The problem: Dropping every picture, set down exactly the lines in the entries below, starting with the line with "Dark grey swing" and going on through the line with "Patio, water/lake/river/ocean view".

Records to process:
============

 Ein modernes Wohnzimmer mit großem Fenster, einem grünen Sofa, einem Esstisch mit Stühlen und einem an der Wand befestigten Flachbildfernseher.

============

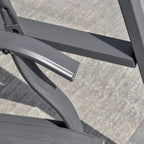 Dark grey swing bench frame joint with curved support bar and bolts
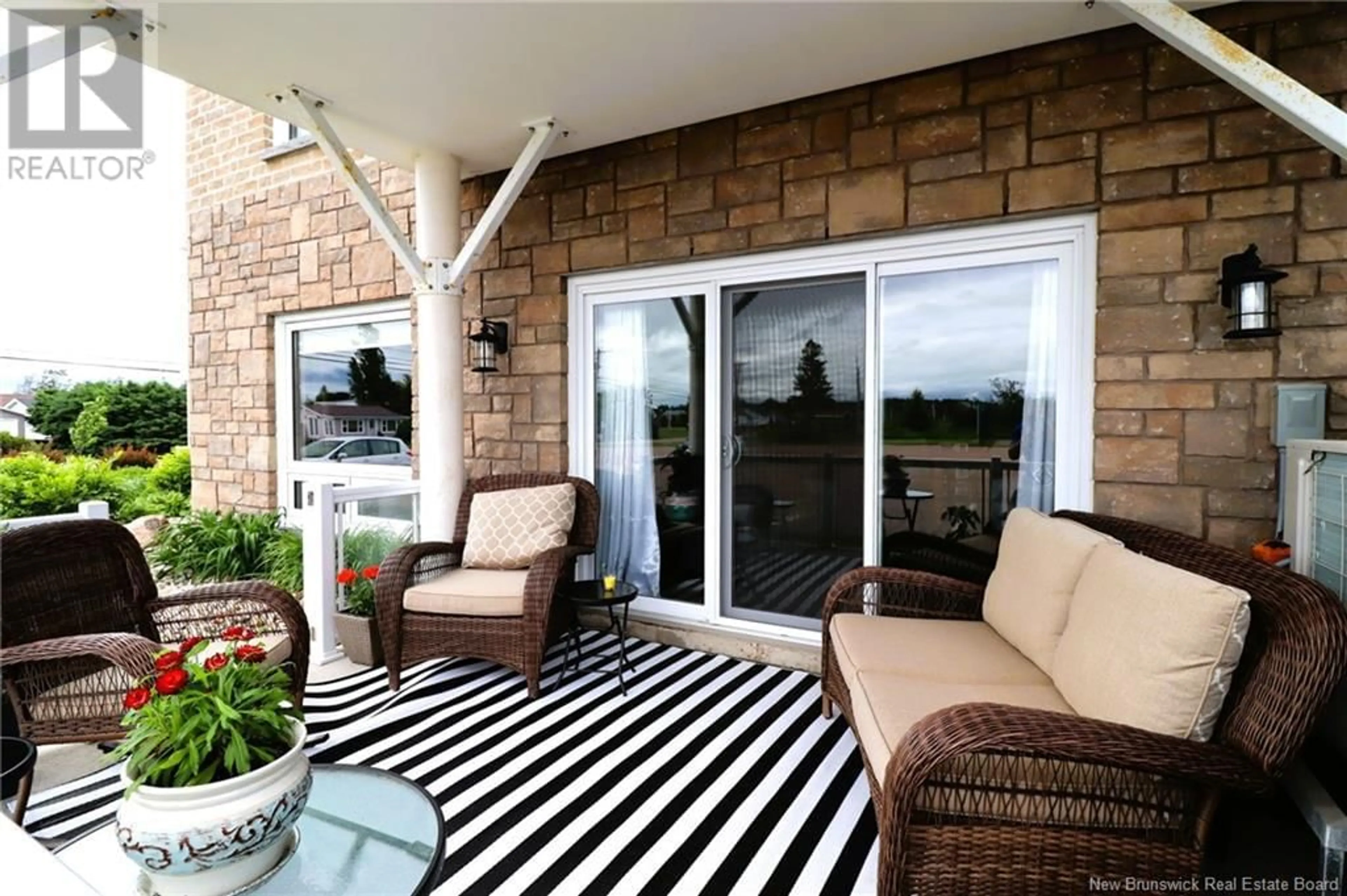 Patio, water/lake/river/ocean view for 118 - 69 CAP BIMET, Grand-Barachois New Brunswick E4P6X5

============

Task result:
 Dark grey swing bench frame joint with curved support bar and bolts
 Patio, water/lake/river/ocean view for 118 - 69 CAP BIMET, Grand-Barachois New Brunswick E4P6X5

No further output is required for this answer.